Relation Between Data Analytics and Artificial Intelligence

There are numerous differences between Data Analytics and Artificial Intelligence but in the modernized era, they are linked closely with each other. If both are brought together in a single thread by the businesses then it will act as a game changer. Business efficiency will see rapid growth.

Data analytics and artificial intelligence possess a Synergistic kind of relationship. Artificial intelligence itself needs an enormous amount of data to improve its decision-making function. In other ways, Data Analytics relies on artificial intelligence for better decision-making abilities.

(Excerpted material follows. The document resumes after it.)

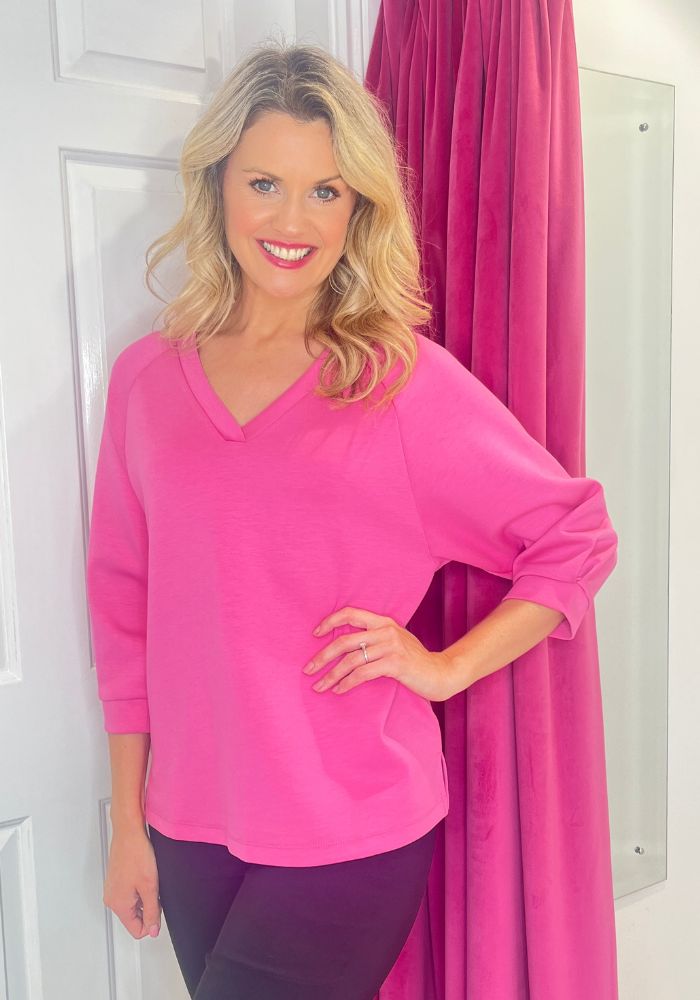 Plain Pink V Neck Jumper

Artificial intelligence is able to assist in all phases of Data Analytics like aggregation in storage and in the collection of diverse types of data from different sources. Artificial Intelligence can also help in pattern management, content management, goal management, decision management, and risk management.

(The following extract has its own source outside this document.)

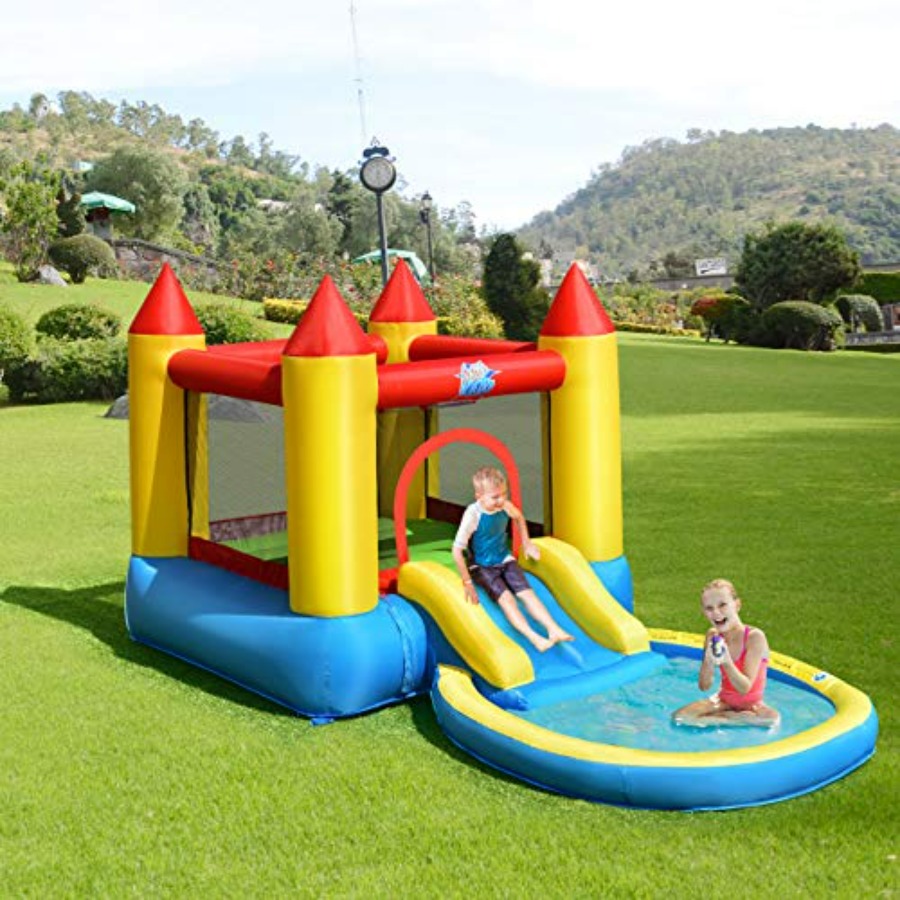 Kids Outdoor Area - บ้านลมเป่าลมสำหรับเด็กอายุ 3-5 ปี สำหรับเล่นกลางแจ้ง: ทำจากวัสดุ PVC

Artificial Intelligence can even keep the ability to find out an unnoticed pattern that is normally missed by the human data scientist. It can also speed up the process of Data Analytics by using its algorithm. Business Intelligence can be improved by the application of artificial intelligence in data science.

It will ditch the guess-based approach of business. With both, businesses will be able to make the right predictions, recognize buying patterns, etc.

FAQs

1. Will artificial intelligence take over job opportunities?

The demand for skilled Artificial intelligence specialists is growing day by day. There are many positions left in the subfields of artificial intelligence like deep learning, machine learning, etc. So it is a myth, a hypothetical scenario. It will pave the way for many future job opportunities.

2. What are the cons of Artificial Intelligence?

Constructing a model of Artificial Intelligence is very time-consuming and costly. Constructing a deep learning model in a normal computer without GPU is impossible. Also, the maintenance cost of it is really high.

3. Will artificial intelligence replace data analytics?

No. It is never going to happen. Both Data Analytics and Artificial Intelligence are linked with each other intrinsically and they complement each other and elevate each other’s efficiency.

Conclusion

A certain amount of differences exist between Data Analytics and Artificial Intelligence but they are also linked intrinsically. If any businesses want to maximize their financial profits and market competency then both Data Analytics and Artificial Intelligence have to be implemented in a coherent way. Although Artificial intelligence possesses little threat of replacing humans in certain areas it can’t be ignored in the era of digitalization. And lastly, it is a myth because Artificial intelligence is also dependent on humans for its continuous modification.